Problem/Motivation
Over in #2224887: Language configuration overrides should have their own storage we've been exploring providing a separate storage for language configuration overrides. The approach has several advantages as:
- config schema just work as the config object name is the same
- the amount of config objects in each storage does not become a huge mess - think of how many files a staging directory could contain on a big multilingual site
- fixes issues with key length since we don't have to prefix language overrides
However the approach falls down when trying to make it work with config synchronisation because:
- If we are only importing language overrides at the moment this will not work because the config sync page is only looking for changes in the regular config storage
- The language config sync code has to make assumptions about how staging in structured and that it is in fact a file storage
- If another module was providing overrides through a similar method of storing in pseudo config files it is going to have to write much of the same code
- If the language module is not enabled then it is totally impossible with this approach for the sync process to inform the user what is going to happen if you stage installing language and create language configuration overrides in the same sync
Proposed resolution
Add collections to config storages. A configuration storage can contain multiple sets of configuration objects in partitioned collections. The collection key name identifies the current collection used. The storage interface contains the method getCollectionNames() to list all the available collections. This means that config sync will be able to compare staging to active even if the module that writes to that particular collection is not installed. So for example, if staging contains a collection called language.de, we can discover this and display to the user that this configuration will be synchronized even when the language module is being installed at the same time.
Use createCollection() which returns a new instance of the storage with the collection set. It does this to avoid side effects caused by the storage object being injected into each Config object - changing the collection on the storage of one Config object would change them all.
For databases this will add an extra column and in file systems this will use directories.
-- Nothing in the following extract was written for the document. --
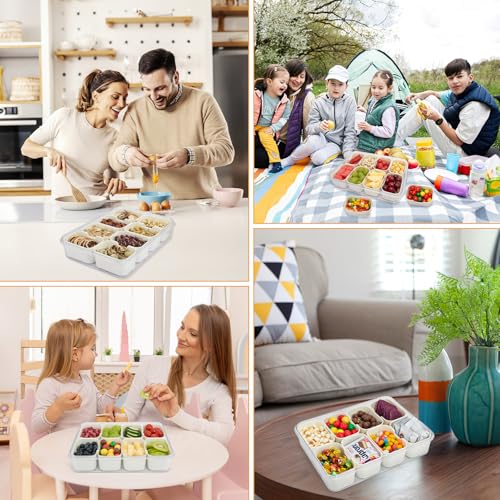 BETA SPACE Snack Box Containers, Divided Serving Tray with Lid, Veggie Tray Snackle Box Charcuterie Board with Lid,8 Inside Containers (2 Pack)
The patch here just adds the ability and tests it. Implementation of language to use this should be done in #2224887: Language configuration overrides should have their own storage
Remaining tasks
Review patch
User interface changes
None
API changes
Only additions.
| Comment | File | Size | Author |
|---|---|---|---|
| #34 | 2262861.34.patch | 131.25 KB | alexpott |
| #34 | 30-34-interdiff.txt | 4.48 KB | alexpott |
Comments
Comment #1
alexpottComment #2
alexpottWe need to make CachedStorage work and introduce a proper test for it since it is not being used anymore. And add code to the config sync process to be able to handle collections.
Comment #3
alexpottAmateur - forgot to rebase :) Ignore patch in #2
Comment #5
gábor hojtsyCollections need to be explained both in the summary and in the patch :)
Comment #6
alexpottPatch adds:
Now to work on ConfigSync and ConfigImporter support.
Comment #7
alexpottPremature save!
Comment #8
alexpottPostponed #2224887: Language configuration overrides should have their own storage on this - so marking this a beta blocker.
Comment #9
alexpottComment #10
xjmComment #11
alexpottOpened:
To remove changes that will help keep the patch focus on just adding the concept of collections to the configuration storages.
Comment #12
gábor hojtsyPostponing this on #2263287: Test the CachedStorage class using ConfigStorageTestBase since it does part of the same as here.
Comment #13
gábor hojtsy7: 2262861.6.patch queued for re-testing.
Comment #15
gábor hojtsyWith #2263287: Test the CachedStorage class using ConfigStorageTestBase committed, this surely does not apply anymore.
Comment #16
alexpottPatch attached is a reroll after the 3 clean up issues have gone in. Plus it adds collection awareness to:
One interesting issue is whether or not collections should support config entities - this opens up a huge can of worms so I've implemented a method of the storageComparer::supportsConfigurationEntities() that basically says that only the default collection does. If you think about language overrides this only contain the overridden configuration keys and therefore can not be treated as an entity. I've tried to solve this in a way that makes sense for how things work at the minute but would allow us to explore other possibilities.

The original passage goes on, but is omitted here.